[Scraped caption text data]

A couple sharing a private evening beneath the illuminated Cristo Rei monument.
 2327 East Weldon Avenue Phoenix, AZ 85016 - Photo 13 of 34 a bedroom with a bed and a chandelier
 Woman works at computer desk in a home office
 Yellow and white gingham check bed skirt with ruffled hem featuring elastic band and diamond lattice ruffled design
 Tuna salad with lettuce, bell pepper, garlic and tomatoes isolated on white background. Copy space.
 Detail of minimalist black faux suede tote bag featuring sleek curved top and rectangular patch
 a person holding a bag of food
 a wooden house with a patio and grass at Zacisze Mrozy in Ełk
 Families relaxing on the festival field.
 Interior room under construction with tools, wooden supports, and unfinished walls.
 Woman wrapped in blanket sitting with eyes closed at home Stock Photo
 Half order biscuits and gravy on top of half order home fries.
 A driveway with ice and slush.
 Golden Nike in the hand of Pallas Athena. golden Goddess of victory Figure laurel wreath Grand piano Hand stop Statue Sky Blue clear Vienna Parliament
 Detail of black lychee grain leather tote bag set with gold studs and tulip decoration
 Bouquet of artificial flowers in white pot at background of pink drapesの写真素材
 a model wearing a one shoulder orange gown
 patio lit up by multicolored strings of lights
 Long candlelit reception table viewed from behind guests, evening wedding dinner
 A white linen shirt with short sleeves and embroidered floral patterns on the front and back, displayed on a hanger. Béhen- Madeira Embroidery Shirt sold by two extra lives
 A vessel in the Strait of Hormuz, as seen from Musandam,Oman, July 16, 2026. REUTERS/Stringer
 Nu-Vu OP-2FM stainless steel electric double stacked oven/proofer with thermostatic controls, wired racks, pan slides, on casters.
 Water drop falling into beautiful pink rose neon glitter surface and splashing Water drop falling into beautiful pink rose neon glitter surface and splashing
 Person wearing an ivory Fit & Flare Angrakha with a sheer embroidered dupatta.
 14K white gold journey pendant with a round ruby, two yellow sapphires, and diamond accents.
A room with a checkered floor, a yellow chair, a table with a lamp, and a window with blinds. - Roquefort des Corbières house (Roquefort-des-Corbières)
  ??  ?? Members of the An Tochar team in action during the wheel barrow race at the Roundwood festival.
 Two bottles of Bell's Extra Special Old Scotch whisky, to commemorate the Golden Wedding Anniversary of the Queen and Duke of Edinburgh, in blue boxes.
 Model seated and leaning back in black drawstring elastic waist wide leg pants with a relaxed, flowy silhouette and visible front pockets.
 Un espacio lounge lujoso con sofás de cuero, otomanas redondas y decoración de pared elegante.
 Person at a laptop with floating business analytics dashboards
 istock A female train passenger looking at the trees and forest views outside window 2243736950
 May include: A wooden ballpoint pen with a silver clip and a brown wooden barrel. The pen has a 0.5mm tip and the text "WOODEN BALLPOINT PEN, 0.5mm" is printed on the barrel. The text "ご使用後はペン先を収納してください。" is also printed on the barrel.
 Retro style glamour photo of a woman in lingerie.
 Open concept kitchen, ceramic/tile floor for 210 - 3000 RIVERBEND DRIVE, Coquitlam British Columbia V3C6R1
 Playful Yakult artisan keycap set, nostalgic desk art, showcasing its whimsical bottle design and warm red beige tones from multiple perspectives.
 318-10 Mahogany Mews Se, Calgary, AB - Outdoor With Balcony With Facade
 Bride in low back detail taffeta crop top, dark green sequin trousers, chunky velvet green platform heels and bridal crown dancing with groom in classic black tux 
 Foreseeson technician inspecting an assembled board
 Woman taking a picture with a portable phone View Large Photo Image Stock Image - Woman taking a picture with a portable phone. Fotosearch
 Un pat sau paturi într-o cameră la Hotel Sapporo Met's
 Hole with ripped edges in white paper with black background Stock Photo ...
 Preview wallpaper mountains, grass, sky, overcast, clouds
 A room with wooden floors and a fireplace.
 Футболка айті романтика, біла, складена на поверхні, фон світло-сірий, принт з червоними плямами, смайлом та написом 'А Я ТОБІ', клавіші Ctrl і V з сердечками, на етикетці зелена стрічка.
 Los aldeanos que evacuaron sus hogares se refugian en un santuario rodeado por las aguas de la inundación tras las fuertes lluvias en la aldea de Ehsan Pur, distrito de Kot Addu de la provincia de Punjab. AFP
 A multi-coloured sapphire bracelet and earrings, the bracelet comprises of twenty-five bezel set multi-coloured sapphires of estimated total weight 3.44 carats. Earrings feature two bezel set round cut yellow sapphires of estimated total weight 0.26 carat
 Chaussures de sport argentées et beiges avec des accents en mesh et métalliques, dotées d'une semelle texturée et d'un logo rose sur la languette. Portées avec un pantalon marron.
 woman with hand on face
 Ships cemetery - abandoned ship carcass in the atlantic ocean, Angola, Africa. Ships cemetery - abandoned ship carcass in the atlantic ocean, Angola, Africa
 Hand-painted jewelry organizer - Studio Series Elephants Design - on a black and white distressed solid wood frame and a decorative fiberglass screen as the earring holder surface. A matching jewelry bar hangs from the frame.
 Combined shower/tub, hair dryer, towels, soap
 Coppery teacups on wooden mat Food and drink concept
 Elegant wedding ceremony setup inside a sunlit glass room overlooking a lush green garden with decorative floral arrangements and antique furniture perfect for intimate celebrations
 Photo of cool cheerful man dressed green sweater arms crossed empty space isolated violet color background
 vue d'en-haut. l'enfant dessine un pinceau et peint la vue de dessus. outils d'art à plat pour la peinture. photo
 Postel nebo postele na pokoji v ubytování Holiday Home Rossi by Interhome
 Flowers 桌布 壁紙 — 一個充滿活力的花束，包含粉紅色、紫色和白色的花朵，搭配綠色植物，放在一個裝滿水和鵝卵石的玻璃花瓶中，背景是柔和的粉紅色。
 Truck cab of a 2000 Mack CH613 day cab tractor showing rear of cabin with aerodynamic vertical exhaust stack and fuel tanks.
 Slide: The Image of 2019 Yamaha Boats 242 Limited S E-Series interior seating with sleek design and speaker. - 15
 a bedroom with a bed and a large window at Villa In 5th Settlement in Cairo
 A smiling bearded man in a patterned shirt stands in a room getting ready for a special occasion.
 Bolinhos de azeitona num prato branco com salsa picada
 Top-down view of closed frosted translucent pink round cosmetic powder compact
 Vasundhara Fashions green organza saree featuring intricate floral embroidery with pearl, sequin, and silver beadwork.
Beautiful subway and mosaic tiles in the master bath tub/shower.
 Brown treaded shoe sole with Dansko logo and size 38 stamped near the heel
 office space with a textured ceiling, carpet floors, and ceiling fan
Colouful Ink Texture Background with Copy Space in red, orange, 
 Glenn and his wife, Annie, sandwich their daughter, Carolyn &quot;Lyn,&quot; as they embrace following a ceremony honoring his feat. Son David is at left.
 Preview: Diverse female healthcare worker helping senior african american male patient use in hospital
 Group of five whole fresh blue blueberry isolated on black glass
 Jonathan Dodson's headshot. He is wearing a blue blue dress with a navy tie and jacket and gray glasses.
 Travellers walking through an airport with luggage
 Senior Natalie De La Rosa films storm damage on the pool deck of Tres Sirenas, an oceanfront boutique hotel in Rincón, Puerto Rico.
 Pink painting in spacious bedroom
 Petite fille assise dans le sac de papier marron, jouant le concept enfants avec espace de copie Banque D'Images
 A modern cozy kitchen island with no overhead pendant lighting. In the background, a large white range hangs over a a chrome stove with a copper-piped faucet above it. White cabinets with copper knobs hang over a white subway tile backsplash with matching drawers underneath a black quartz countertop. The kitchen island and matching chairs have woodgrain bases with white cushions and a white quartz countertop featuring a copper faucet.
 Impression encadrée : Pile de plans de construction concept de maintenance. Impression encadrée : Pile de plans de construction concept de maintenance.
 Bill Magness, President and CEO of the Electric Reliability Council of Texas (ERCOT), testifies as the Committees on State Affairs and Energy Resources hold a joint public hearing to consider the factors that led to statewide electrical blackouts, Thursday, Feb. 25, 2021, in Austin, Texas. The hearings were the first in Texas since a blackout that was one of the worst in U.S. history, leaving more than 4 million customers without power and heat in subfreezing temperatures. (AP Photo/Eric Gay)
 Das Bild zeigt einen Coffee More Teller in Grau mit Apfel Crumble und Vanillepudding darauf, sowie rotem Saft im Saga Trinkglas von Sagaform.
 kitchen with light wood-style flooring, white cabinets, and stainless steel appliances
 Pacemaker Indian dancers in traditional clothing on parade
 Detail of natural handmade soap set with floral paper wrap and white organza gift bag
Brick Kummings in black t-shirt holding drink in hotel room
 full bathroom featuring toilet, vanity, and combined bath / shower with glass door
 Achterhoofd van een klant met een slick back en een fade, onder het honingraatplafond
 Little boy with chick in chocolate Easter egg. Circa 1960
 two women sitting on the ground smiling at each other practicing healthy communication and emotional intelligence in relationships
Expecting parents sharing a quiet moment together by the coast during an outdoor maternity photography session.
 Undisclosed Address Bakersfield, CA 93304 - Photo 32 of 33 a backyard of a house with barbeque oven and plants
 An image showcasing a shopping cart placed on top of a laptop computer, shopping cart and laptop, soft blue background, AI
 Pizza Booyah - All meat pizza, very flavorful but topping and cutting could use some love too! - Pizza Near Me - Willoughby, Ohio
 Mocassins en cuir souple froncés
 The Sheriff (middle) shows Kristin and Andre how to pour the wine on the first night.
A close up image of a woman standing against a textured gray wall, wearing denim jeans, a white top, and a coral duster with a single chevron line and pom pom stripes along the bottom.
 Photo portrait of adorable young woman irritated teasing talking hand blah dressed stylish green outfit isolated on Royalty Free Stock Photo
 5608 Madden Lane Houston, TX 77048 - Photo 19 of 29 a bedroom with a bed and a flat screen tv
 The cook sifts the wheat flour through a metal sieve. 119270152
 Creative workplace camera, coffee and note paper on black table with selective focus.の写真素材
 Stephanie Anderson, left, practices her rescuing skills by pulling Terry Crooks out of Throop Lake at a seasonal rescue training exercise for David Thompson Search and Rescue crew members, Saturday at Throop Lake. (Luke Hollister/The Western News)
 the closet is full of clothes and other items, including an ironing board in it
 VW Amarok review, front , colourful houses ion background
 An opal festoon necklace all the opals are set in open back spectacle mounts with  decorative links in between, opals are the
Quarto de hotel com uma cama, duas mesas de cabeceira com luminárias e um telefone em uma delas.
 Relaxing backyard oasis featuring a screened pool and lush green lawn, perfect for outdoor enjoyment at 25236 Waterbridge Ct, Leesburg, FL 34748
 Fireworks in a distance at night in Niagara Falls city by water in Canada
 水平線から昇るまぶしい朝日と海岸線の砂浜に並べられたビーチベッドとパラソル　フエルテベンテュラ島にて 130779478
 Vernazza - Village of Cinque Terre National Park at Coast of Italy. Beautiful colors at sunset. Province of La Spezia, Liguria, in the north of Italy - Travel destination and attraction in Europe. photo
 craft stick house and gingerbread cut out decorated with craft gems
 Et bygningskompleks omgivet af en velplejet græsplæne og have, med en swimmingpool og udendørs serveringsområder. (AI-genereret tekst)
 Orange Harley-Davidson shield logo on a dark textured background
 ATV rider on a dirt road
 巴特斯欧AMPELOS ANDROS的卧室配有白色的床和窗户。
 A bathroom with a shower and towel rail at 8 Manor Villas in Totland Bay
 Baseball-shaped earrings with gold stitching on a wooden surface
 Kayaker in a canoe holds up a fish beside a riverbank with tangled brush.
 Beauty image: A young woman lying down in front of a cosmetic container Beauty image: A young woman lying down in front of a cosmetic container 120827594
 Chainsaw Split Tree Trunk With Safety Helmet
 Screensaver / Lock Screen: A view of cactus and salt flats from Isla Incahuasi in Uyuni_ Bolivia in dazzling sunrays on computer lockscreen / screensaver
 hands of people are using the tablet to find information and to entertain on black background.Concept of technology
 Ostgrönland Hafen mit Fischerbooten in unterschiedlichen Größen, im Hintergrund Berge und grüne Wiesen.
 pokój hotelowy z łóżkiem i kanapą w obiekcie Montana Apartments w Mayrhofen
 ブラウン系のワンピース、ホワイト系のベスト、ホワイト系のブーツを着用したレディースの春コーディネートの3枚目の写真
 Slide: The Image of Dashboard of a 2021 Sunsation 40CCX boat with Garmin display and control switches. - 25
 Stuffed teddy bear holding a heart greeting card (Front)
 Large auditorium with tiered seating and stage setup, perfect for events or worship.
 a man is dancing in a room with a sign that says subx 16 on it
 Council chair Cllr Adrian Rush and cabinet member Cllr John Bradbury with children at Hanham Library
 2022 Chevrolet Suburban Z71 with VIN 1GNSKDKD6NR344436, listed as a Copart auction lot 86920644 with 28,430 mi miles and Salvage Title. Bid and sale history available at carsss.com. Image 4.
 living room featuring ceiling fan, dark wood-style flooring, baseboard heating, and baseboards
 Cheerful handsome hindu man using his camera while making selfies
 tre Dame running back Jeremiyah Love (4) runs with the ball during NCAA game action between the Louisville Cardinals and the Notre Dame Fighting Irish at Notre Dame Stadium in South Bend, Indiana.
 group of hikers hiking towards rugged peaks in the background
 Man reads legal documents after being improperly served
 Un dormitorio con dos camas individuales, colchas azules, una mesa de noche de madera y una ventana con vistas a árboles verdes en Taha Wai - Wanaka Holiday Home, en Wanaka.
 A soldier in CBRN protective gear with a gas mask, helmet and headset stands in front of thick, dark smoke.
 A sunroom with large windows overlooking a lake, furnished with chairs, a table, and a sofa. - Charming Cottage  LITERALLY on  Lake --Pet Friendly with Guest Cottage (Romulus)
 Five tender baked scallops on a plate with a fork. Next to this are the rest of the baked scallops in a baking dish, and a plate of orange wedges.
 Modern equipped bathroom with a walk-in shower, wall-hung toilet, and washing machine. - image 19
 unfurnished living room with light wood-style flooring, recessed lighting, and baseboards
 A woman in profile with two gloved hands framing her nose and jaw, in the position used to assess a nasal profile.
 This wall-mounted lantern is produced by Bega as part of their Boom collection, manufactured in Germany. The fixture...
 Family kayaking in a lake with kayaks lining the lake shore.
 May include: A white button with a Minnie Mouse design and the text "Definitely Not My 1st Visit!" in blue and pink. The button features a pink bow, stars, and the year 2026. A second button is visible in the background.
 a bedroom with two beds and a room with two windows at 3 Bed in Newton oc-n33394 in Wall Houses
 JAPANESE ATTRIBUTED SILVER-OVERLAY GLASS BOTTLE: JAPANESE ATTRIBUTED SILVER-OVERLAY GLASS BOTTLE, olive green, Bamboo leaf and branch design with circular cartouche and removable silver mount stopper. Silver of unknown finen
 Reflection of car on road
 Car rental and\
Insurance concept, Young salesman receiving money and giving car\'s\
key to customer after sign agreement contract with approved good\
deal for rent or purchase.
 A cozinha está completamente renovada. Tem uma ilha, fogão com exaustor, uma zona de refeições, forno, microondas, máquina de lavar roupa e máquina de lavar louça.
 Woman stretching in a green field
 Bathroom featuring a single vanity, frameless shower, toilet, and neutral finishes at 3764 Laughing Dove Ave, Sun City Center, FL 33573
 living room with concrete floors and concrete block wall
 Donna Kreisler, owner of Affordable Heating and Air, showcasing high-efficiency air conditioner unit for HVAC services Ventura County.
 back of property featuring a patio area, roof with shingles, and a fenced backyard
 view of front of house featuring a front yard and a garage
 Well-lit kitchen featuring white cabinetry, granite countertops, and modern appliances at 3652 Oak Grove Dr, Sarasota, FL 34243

*What to do*: Using the data above, reproduce exactly the lines from the line that contains "Open concept kitchen, ceramic/tile" through the line that contains "Playful Yakult artisan", including both.

*Response for this exercise*:
 Open concept kitchen, ceramic/tile floor for 210 - 3000 RIVERBEND DRIVE, Coquitlam British Columbia V3C6R1
 Playful Yakult artisan keycap set, nostalgic desk art, showcasing its whimsical bottle design and warm red beige tones from multiple perspectives.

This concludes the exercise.